HTML entities not decoded
Comparing these two files:
- /dkpro-c4corpus-boilerplate/BoilerplateEvaluationOnCleanEval/JusText_Java_Defaults_CleanEvalHTMLTestSubset/105.txt
- /dkpro-c4corpus-boilerplate/BoilerplateEvaluationOnCleanEval/JusText_Python_Defaults_CleanEvalHTMLTestSubset/105.txt
It appears that the Python program is dropping entities, but not decoding some other such as <. The gold standard doesn't include any HTML entities, naturally. I'd argue that the correct approach is to decode all HTML entities and convert them to their equivalent Unicode character, even though this is different from what the original Python program did.
+1 ;)
I've submitted a fix for this. When the full CleanEval corpus is re-run, I'd suggest having it generate the minimal HTML tags, since the tags are included in the gold standard.

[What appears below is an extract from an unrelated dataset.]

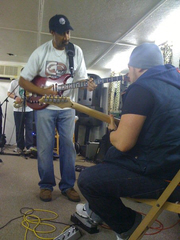 ATMOSFEAR rehearsals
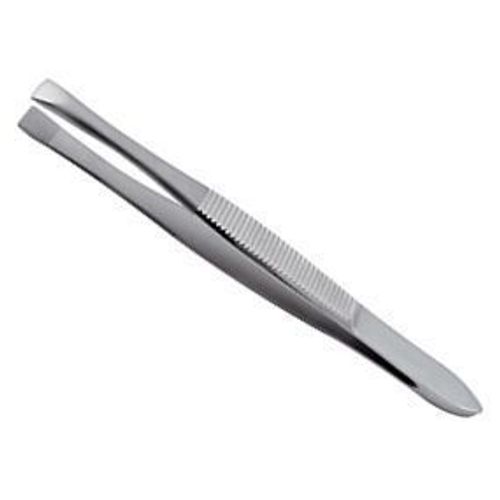 Pince  Epiler Carbone Biais 8cm - 3 Claveles - Pour Une pilation Prcise Des Sourcils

I'm going to revise my opinion about the "correct approach" and turn it into a question. The gold standard doesn't entity encode less than (<) or ampersand (&) characters which means that it's not legal X(HT)ML (but it also uses made up tags like <l> for lists), so there's a tension between doing what is useful for comparison with the gold standard and doing what's most convenient for consumers.
It's pretty clear that the text mode should be fully decoded, but should the minimal HTML mode match the gold standard or produce legal XML? Is a third mode needed?